Echidna Media Organization project S.N.A.L. (emo_snal) wrote,
Echidna Media Organization project S.N.A.L.

Nairobi to Addis Ababa

Tuesday, November 25th, Nairobi - Nairobi is a city that at first glance looks modern, many glassy skyscrapers just towards the sky sporting creative modern designs. Billboards advertise cell phone plans and insurance companies. But as you pan downward to behold the street level then you see the throngs on the sidewalks, they're busy, and some are well dressed, and all seem to be hurrying somewhere, which is a plus, but many seem a bit rumpled and harried, in places the sidewalk is broken to the degree of just being dirt. But what really catches your eye at street level is the traffic. It's bumper-to-bumper throughout the daylight hours. To get anywhere in the city by vehicle seems to take an hour, even if it's just a mile away. You're better off walking (and downtown was actually walking distance)

   In particular, our hotel, this cute little place called the Kahama, seemed to have a permanent traffic snarl in front of it. It was an elegant looking building, that looked like it had seen better days, had been proudly built in a nice location just beside a river ... and then a freeway overpass had been built right in front of it, such that it's second floor windows stare blindly into the concrete sides of the overpass and the third floor looks out at the cars. The old front door was then permanently locked, the former more upscale owners no doubt sold it to this budget hotellier, a new front door was put in the back, and the Kahama was born -- "economy with style!"

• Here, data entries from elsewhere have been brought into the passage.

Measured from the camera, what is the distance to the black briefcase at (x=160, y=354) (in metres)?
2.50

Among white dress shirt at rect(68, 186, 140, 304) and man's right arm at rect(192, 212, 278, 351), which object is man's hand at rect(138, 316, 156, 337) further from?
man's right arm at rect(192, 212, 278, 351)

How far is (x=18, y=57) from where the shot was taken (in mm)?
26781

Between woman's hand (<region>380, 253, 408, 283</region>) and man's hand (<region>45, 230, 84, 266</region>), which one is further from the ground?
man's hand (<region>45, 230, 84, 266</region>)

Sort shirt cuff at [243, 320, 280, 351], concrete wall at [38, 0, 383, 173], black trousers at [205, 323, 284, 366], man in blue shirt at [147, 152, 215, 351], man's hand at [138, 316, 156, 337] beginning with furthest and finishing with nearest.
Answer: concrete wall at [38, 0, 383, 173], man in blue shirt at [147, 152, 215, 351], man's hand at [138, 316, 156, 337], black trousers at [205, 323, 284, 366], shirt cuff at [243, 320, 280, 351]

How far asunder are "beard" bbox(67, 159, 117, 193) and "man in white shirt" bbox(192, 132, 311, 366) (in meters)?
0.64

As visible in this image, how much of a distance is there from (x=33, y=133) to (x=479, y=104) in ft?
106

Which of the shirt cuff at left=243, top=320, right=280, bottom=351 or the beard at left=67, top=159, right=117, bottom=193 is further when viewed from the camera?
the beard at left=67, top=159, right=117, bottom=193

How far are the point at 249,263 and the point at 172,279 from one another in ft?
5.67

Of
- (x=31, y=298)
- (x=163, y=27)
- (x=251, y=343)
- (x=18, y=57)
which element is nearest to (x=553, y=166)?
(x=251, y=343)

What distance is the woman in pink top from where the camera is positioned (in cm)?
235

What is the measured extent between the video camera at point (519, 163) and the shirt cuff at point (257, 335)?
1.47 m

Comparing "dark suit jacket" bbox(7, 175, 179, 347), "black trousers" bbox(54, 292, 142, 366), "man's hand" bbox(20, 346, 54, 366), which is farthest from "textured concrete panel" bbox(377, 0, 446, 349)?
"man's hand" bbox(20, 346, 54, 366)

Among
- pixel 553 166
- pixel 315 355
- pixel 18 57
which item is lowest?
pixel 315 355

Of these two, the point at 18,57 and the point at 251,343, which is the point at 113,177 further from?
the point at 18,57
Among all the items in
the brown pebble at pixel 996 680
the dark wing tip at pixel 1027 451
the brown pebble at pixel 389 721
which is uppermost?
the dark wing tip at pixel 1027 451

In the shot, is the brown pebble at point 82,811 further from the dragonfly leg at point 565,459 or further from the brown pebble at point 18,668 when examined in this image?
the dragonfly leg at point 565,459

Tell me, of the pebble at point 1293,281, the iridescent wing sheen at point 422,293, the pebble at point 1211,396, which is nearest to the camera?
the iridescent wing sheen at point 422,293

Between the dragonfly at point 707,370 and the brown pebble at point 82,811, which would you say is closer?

   Due to the barrier of awful traffic I was content to stay inside and catch up on my travelogue and picture wrangling, but around 11:30 Doug talked me into going with him to the craft market. The driver for the hotel (a very nice mellow old man, old enough to be retired, but working to save enough to buy his own car for about $6,500) had a friend with a booth in the craft market, so we headed there.
   Took only 10-15 minutes to get there I think, once out of the snarl by the hotel we traveled by side streets and it wasn't bad off rush-hour. We packed all our stuff in the trunk and checked out of the hotel so we wouldn't have to get back through the traffic maelstrom there.

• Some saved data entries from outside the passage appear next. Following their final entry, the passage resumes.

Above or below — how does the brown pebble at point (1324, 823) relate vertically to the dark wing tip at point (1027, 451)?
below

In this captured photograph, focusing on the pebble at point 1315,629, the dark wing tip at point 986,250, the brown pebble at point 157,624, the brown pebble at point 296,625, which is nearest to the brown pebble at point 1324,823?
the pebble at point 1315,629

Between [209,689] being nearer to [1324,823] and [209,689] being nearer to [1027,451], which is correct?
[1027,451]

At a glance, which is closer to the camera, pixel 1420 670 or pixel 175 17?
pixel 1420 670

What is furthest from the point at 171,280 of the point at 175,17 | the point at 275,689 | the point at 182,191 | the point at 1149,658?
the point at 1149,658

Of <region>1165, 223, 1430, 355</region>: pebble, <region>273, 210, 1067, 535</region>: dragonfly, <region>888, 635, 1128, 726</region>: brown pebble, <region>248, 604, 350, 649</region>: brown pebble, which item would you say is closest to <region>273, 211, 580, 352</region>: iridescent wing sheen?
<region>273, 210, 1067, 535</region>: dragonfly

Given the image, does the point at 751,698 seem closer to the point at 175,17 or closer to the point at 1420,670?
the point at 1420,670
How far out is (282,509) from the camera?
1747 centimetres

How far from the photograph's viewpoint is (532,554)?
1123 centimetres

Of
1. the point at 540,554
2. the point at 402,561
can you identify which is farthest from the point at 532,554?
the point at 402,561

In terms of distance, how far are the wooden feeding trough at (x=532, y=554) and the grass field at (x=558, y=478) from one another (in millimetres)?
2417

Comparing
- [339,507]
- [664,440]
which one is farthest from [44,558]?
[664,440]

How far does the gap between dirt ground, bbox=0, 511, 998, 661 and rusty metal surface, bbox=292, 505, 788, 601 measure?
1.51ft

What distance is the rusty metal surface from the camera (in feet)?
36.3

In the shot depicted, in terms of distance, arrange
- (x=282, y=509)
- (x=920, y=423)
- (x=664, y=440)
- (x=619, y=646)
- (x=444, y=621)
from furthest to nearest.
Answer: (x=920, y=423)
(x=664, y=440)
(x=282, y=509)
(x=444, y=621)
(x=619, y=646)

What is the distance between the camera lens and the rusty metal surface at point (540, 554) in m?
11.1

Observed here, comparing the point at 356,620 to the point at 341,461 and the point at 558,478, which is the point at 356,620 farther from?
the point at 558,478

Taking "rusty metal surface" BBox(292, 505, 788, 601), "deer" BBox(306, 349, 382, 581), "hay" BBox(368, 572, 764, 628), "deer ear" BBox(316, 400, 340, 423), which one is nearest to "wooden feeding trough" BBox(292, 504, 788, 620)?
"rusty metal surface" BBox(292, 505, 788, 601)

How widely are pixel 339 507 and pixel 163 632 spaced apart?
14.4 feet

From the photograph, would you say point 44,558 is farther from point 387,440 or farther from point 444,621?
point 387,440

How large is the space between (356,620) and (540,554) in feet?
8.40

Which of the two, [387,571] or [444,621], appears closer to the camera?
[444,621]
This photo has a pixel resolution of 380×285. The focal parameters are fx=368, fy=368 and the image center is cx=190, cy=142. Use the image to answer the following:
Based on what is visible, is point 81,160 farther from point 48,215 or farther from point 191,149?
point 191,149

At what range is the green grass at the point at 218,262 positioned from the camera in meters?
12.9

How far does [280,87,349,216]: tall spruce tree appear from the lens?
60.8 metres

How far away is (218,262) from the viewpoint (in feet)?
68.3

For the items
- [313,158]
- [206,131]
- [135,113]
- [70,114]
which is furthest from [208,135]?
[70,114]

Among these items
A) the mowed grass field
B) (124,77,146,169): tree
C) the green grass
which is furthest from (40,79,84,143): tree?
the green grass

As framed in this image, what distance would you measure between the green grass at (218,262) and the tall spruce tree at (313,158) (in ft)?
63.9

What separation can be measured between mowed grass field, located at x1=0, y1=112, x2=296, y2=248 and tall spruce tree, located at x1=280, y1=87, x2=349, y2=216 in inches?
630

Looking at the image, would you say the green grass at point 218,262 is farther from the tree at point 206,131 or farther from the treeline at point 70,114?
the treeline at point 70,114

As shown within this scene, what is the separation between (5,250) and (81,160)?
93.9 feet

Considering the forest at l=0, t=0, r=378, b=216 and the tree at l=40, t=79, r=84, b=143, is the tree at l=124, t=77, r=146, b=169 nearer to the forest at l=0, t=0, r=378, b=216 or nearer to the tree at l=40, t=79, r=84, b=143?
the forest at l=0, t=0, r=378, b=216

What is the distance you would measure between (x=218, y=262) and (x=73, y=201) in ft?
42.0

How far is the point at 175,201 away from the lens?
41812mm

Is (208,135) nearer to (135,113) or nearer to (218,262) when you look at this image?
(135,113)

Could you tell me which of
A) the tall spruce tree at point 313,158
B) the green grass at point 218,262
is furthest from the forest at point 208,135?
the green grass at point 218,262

   The craft market consisted of little booths that were facing inward on either side of a narrow aisle. Each booth was stuffed with things, and manned by a proprietor who would tell you they made it all themself. Sometimes though they'd only lay claim to the beaded bracelets and such and not the carved ebony, which is more plausible. The proprietors were mainly women, and they could be quite insistent.
   "Please, please, just look! Just look at this! I'll give you a very special deal! I made this myself! Look! two for this price... No, don't go, look at this!" I jokingly covered my eyes and said "I don't want to see it, I have no money!"
   Despite my intention not to get anything, the lady our driver knew did have some very nice bracelets. I don't know who I'd give them to, but someone would appreciate them. One was made with porcupine quills, which I thought was novel, and another with camel bone. Or so they say. I'm entirely cynical. But it seemed entirely plausible (not like that "lion tooth" some fat man in maasai robes sold to Doug after claiming he killed the lion himself). I had to carefully budget my money though because I now had only enough to pay the driver (as well as two old $20 bills that no one would accept. I hadn't started out with them but I'd exchanged local currency with other tourists at various points to take these "useless" bills off their hands). The two bracelets still sit on my mantel two months later gathering dust. No one to give them to.

   After we had finished there, we continued on past a jewelers booth, which actually had a lot of really nice pieces. And I'm not by any means a connoiseur of jewelry, but these things looked nice. Doug was haggling with him for one or two necklaces for his wife, and the prices were around 1300-1500 shillings ($14-$17), which seemed like a deal to me. I was well and truly out of money and alas have no one to get such nice things for but I had half a mind to go back when I had money and buy several just because I reckon I could put them up for sale back in the states for easily $60 each.
   As we were trying to leave the stalls Doug pointed out some cow horns on a shelf. I have a thing for large cow horns. At first I was unimpressed, just seeing short normal horns, but then I saw a nice big three footer and made the mistake of showing much enthusiasm, and the shop owners was on me like some sort of mind-sucking alien. You know the kind that grabs you by the head with their face tentacles. I told him I really didn't have any money but was curious how much he would want for it. He said $100. I said I got one like that that was all decorated in Guinea for less than $20 (I think it was seriously like $12) and he shook his head and said he couldn't go lower than $60. He was practically physically blocking my escape but I managed to extricate myself and flee. Then we had to come back that way to get out of the narrow labyrinth of craft stalls, and he again accosted me and said he'd called his dad (keep in mind he himself looked 40) and could sell it for $30. I said I didn't have money and he said he'd go with me to the ATM. He followed me out of the craft market but we escaped into the car.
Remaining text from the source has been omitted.